O assombro que a percepção desta magnanimidade pode nos gerar, que parece ser o ponto de partida tanto das ciências quanto das religiões, e esta noção – ainda que limitada - sobre tudo o que já ocorreu e continua ocorrendo para que a vida exista deveriam estar no fundamento de nossa moralidade no que se refere ao modo de nos relacionar com o mundo do qual somos parte, ou seja, com nossa natureza.
Um objetivo central das ciências, portanto, deveria ser aumentar nossa consciência sobre o mundo para vivermos vidas pautadas em princípios mais nobres, dignos e respeitosos, e não o “conhecer para dominar”, tão típico destas áreas do pensamento humano.
Alguns momentos de ruptura dentro do conhecimento científico apontam para tal direção. A passagem da visão de mundo Geocêntrica para a visão Heliocêntrica no século XVI é um poderoso exemplo: deixamos de nos ver no centro do Universo, literalmente. Com o desenvolvimento posterior da Astronomia e das lunetas e telescópios, vimos que não apenas não somos o centro do Sistema Solar, mas estamos na periferia de uma galáxia que é apenas mais uma galáxia entre trilhões de galáxias. Já no século XIX, Darwin nos reposicionou, mas desta vez não no Universo, mas na própria Terra. Não somos o centro da vida, a cereja do bolo da criação. O conhecimento científico, assim, vem nos reposicionado, transformando nossos pressupostos cosmológicos. É preciso que compreendamos a profundidade deste novo “cosmos” e aprendamos a cobrança moral que ele nos requer.
Conhecer melhor a vida na Terra, as demais espécies, nos ajuda a sabermos como agir em relação a elas. Assim, no fundamento do processo de conhecimento, há um profundo questionamento ético, e é mais do que urgente que fundamentemos e vivamos nossa dimensão ecológica de modo eticamente aceitável.
Desta forma, as lentes darwinianas nos impulsionam para que nos reconectemos com a vida na Terra e com os cuidados que ela requer.

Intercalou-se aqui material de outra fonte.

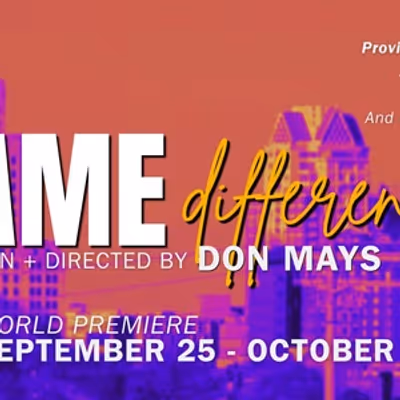 SAME DIFFERENCE to Make World Premiere at Wilbury Theatre Group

3 – Opondo-se aos desígnios darwinianos
          Se por um lado Darwin nos ajuda a nos recolocarmos na teia da vida na Terra, por outro lado ele nos revela com crueza a brutalidade de tal teia. Quando falamos em seres que estão mais ou menos adaptados para sobreviverem em determinado contexto ambiental, podemos traduzir como “seres que conseguem se alimentar melhor dos outros, fugir melhor de seres que querem se alimentar deles e se proteger melhor das intempéries da natureza, tais como temperatura, fogo, chuva etc.”.
          Darwin, assim, nos revela um mundo terrível, uma natureza fria e impiedosa na qual ou se sobressai sobre os demais seres (tanto da mesma espécie quanto das demais – presas ou predadoras) ou vira-se comida ou cadáver. Isto acontece tanto com indivíduos quanto com espécies, que tendem a se extinguir quando deixam de estar bem adaptadas ao meio em que vivem (considerando que os meios transformam-se com o tempo, espécies antes bem sucedidas podem tornar-se minguantes e extintas no futuro).
          Se pretendemos vivenciar moralidades e políticas pautadas na preocupação com o sofrimento alheio e não apenas na sobrevivência pessoal a qualquer custo (por exemplo, oprimindo ou escravizando seres para realizarmos nossos desejos individuais), devemos negar em nós – nos termos usados por Richard Dawkins - os desígnios darwinianos, ou seja, os impulsos primeiros de nossa natureza. Trocar a autossobrevivência impiedosa, a busca por se destacar do bando a qualquer custo por tentativas de estabelecermos relações vitais compassivas e respeitosas – tanto políticas quanto ecológicas – significa opor-se à natureza. Assim como a reconexão com a natureza acima discutida, esta oposição também deve estar no fundamento de nossas mais profundas considerações morais.

Dennis Zagha Bluwol, 2019

PS.: A leitura deste texto complementa-se com a leitura do texto “Sobre o conflito entre a ética e a natureza e a emergência de uma cosmologia compassiva e vegana", presente neste blog.


[1]Ideias desta natureza não nasceram com Darwin nem ele fora o único em seu tempo a investigá-las, mas sua obra representa um ponto chave em toda a compreensão posterior sobre a vida na Terra.
[2] Da mesma forma, conhecimentos como os trazidos pela Astronomia, pela Geologia, entre outras ciências nos ajudam a entender como o Universo, a Terra e a Vida vieram a ser como são, permitindo que repensemos nossos lugares neste mundo.
[3]DAWKINS, Richard: Desvendando o Arco-Íris: ciência, ilusão e encantamento. São Paulo, Companhia das Letras, 2000.